El cocido solar de Monsieur Mouchot

Un día de verano de 1859 Augustin Bernard Mouchot, profesor de física en Tours, Francia, se hizo un cocido de carne de res con verduras.
       –¿Y para decirnos semejante tontería vas a ocupar una entrada de blog y hacernos perder el tiempo? –me reclama un lector impaciente que acaba de leer asuntos muy serios en otras páginas web.
       En respuesta añado que el cocido de monsieur Mouchot sabía a rayos. Esta precisión no basta para apaciguar al lector impaciente, que se esfuma con un bufido. (Bueno, ¿qué quieren ustedes: pertinencia u originalidad?)
       Iba yo a añadir que Mouchot preparó su cocido en una marmita solar de su propia invención. Lástima que los impacientes ya se fueron. La marmita consistía en un cilindro de vidrio con otro de metal pintado de negro en el interior. Junto al aparato había una placa semicilíndrica chapada en plata que concentraba la luz del sol en el recipiente negro. En su libro sobre aplicaciones industriales del calor del sol Mouchot escribe: “Siendo bastante cómoda la forma de esta nueva caldera, me serví de ella para varios ensayos.
       “Por ejemplo, pude hacer al Sol un excelente cocido, compuesto de un kilogramo de carne de res y diferentes legumbres y verduras. A las cuatro horas de insolación, todo quedó perfectamente cocido, no obstante haber pasado algunas nubes por delante del Sol; y el caldo fue tanto mejor cuanto que la marmita se había calentado con gran regularidad”.
       –¿No que el cocido sabía a rayos? –dice el lector impaciente, que ha vuelto luego de hartarse de temas importantes como el vergonzoso escenario político nacional.
       Sí. Con su marmita solar el profesor Mouchot obtenía un asado cuyo grado de cocción no dejaba nada que desear, como señala Amadeo Guillemin en su libro El mundo físico (1884), de donde tomé prestada la anécdota.
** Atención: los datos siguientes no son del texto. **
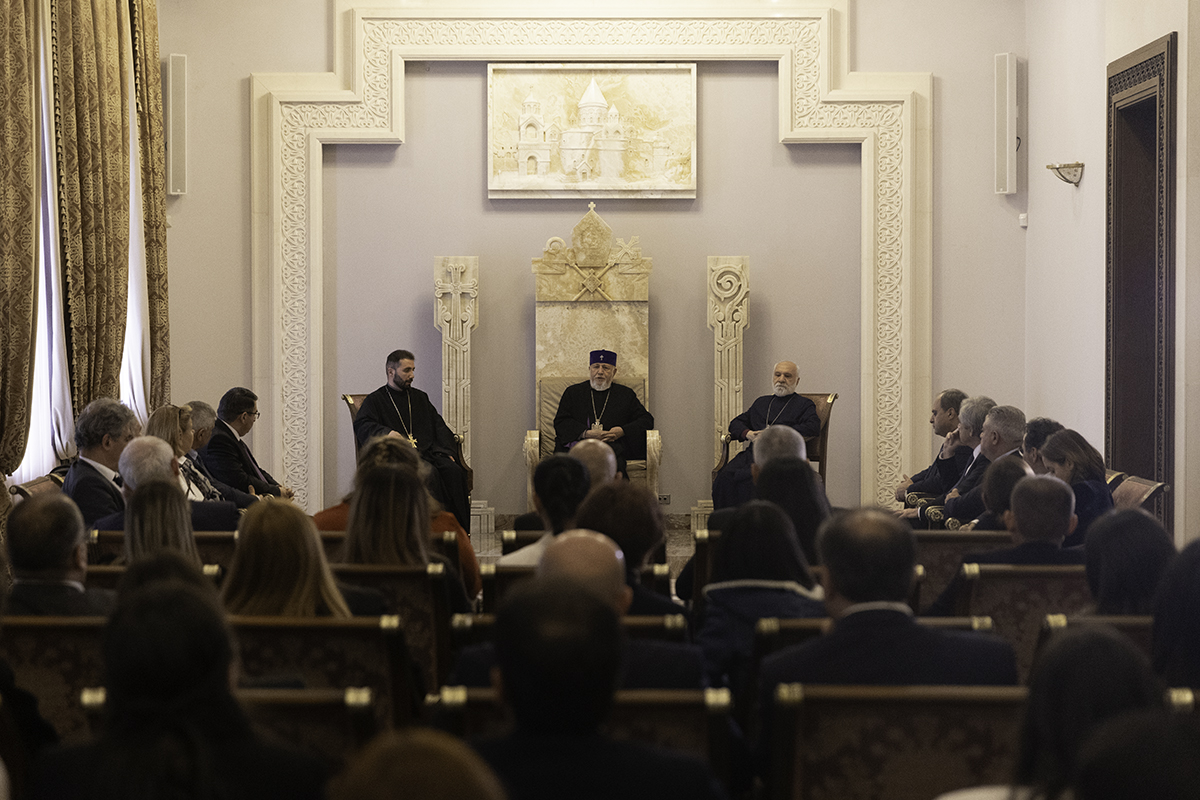 Le Catholicos de tous les Arméniens exhorte les avocats internationaux à défendre les droits des Arméniens d’Artsakh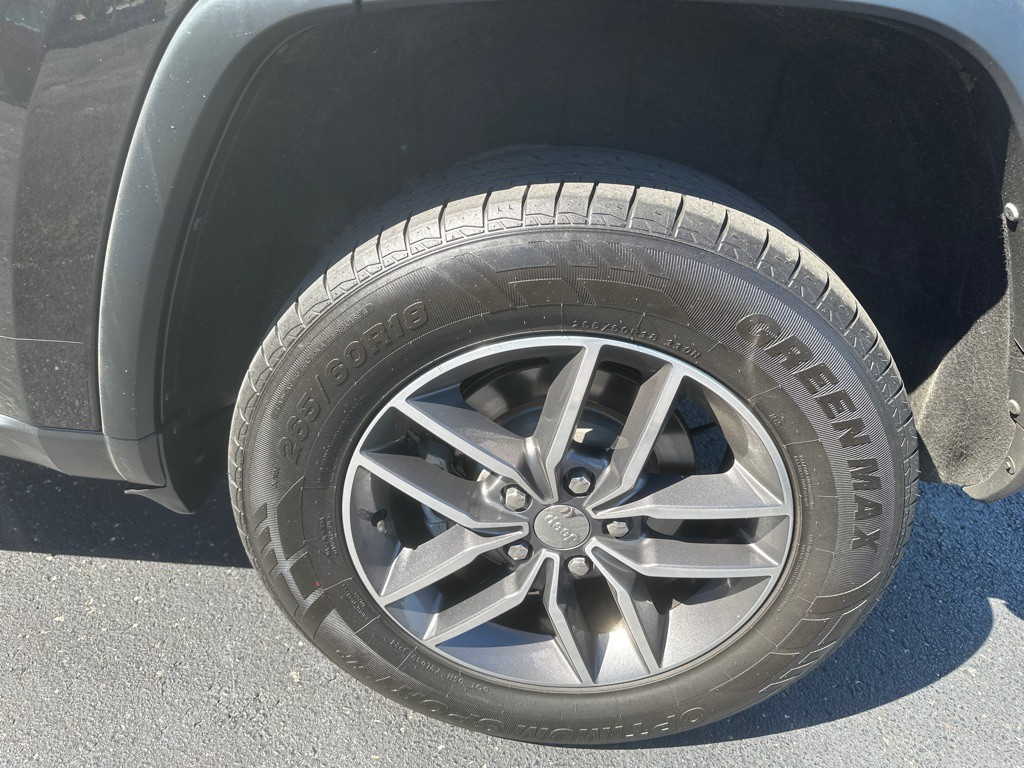 2018 Jeep Grand Cherokee Image 34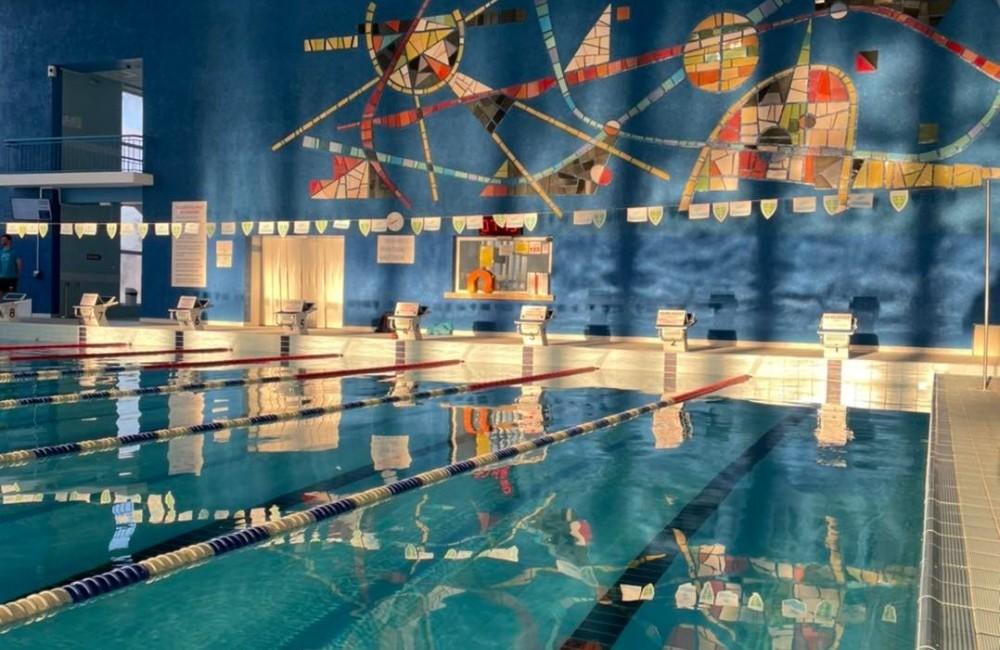 Žilinčania si v piatok nezaplávajú, krytý bazén bude pre verejnosť zatvorený
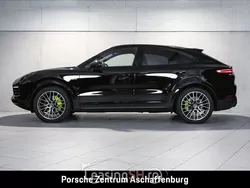 Negru Utilizat 2021 Porsche Cayenne SUV | 123.670 EUR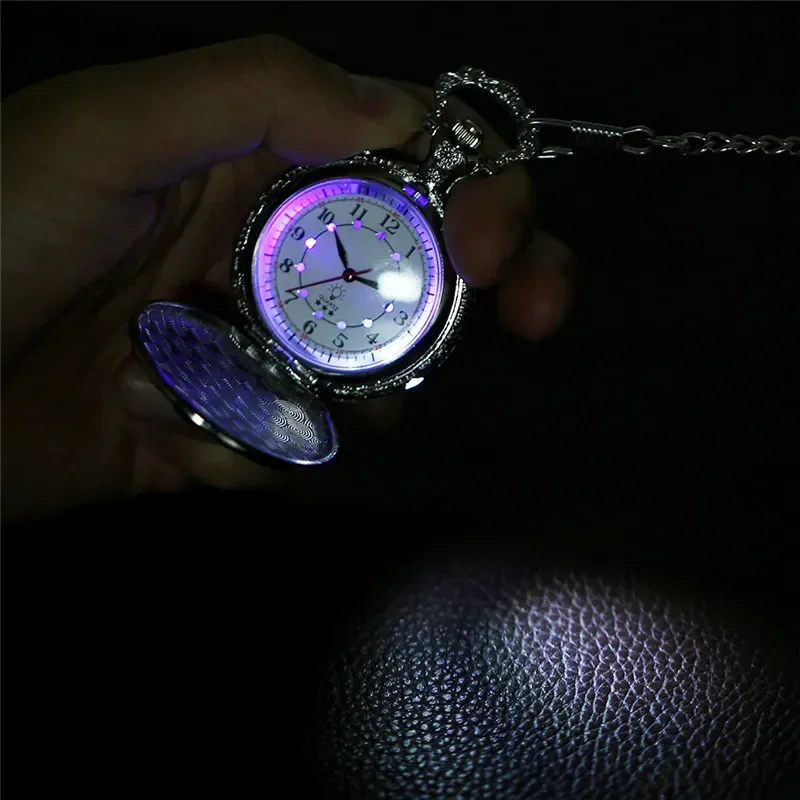 Фото Серебряные светящиеся LED-часы в стиле СССР с серпом и молотом, кварцевые карманные часы, эмблема России, коммунизм, с цепочкой FOB, сувенир №1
Desafortunadamente, añade Guillemin, “el gusto de la carne así cocida era detestable, lo cual Mouchot atribuye a la acción de los rayos químicos. Poniendo un vidrio amarillo o encarnado delante del asador, se eliminan estos rayos”. Guillemin no nos informa cómo quedaba el cocido luego de interponer el filtro que propone, pero aquí mi curiosidad por los ensayos helioculinarios de Mouchot cede el paso, momentáneamente, a otra más apremiante: ¿”rayos químicos”? (Con razón sabía a “rayos” el cocido.)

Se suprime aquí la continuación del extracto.